Net effect on the uncached open→read path: one GetObject total, down from today's HeadObject + full GetObject.

New s3ReadFile shape (internal/s3fs/file.go)

Replace the reader *bytes.Reader field. New fields (one sync.Mutex guards all mutable state for simplicity; reads on a single handle are effectively serial):

client            s3Client
bucket, key, name string
head              *s3.HeadObjectOutput  // nil until first fetch (or cache-supplied)
size              int64          // full object size; -1 = unknown until first fetch
mu                sync.Mutex
closed            bool

// sequential streaming path (Read/Seek)
pos               int64          // logical cursor
body              io.ReadCloser  // open GetObject body, nil until first Read
bodyPos           int64          // object offset the body currently sits at

// random-access read-ahead window (ReadAt)
win               []byte         // cached chunk
winStart          int64          // object offset of win[0]

newS3ReadFile: if head is supplied, set size = *head.ContentLength; otherwise set head = nil, size = -1. Either way return immediately — no GetObject, no HeadObject.

A shared adoptMeta(out, ranged) helper populates head/size from a *s3.GetObjectOutput the first time one comes back (no-op if head already set): synthesize s3.HeadObjectOutput{ContentLength, LastModified, Metadata, …}; set size from ContentLength when not ranged, else from parseContentRange(out.ContentRange).

Read(p) — lazy streaming body

  • Return os.ErrClosed if closed.
  • If size >= 0 and pos >= size, return 0, io.EOF.
  • If body == nil: issue GetObject with Range: bytes=<pos>- (omit Range when pos == 0), observeS3("GetObject", …), adoptMeta from the response, set body, bodyPos = pos.
  • Read from body into p, advance pos and bodyPos by n. On the body's io.EOF, return it through.

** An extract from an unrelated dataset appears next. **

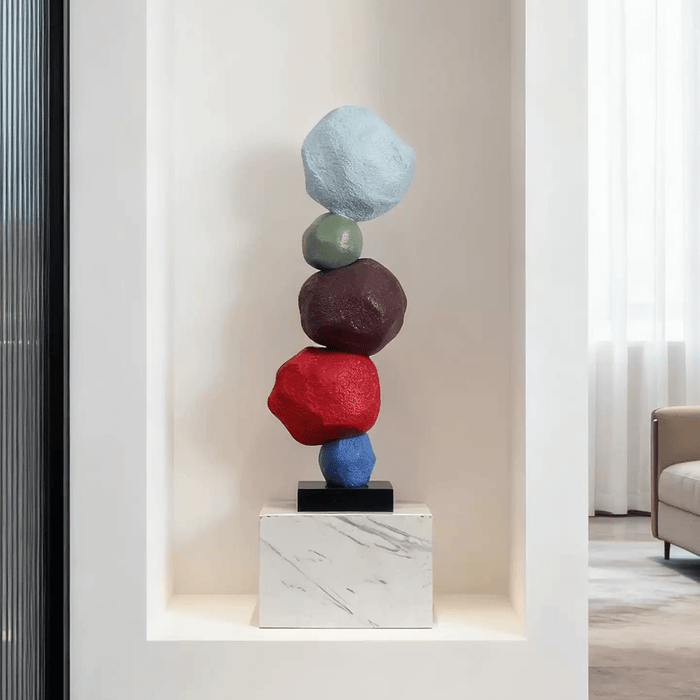 Totem Balance Art Sculpture - Simprolos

Seek(offset, whence) — drop body on move

  • Return os.ErrClosed if closed.
  • Compute new absolute position (SeekStart/SeekCurrent/SeekEnd using size). Reject negative.
  • If body != nil and the new position != pos, close body and nil it (next Read reopens with the new Range). Set pos.

ReadAt(p, off) — Range request + read-ahead window

  • Return os.ErrClosed if closed (preserves the FSObject reopen contract).
  • If size >= 0 and off >= size, return 0, io.EOF.
  • Serve from win when [off, off+len(p)) is covered by [winStart, winStart+len(win)): copy and return.
  • On miss: fetch chunk := max(len(p), readChunkSize) bytes (clamped to size when known) starting at off via GetObject with Range: bytes=<off>-<off+chunk-1>, observeS3("GetObject", …), adoptMeta from the response (learns size from ContentRange on the first call), io.ReadFull the body into a new win, set winStart = off, then copy into p.
  • EOF handling without pre-known size: if S3 returns 416 InvalidRange (off at/after EOF) treat as 0, io.EOF — and the 416 response still carries the total via ContentRange, so adoptMeta can set size. If the satisfied length < len(p) because the range hit EOF, return the bytes copied plus io.EOF (honour the io.ReaderAt contract: short read ⇒ non-nil error).

readChunkSize is a package const defaulting to 1 << 20 (1 MiB). RAM per open handle is bounded to one chunk (+ at most one streaming body buffer), not the whole object. (No flag/Option for now — confirmed not needed.)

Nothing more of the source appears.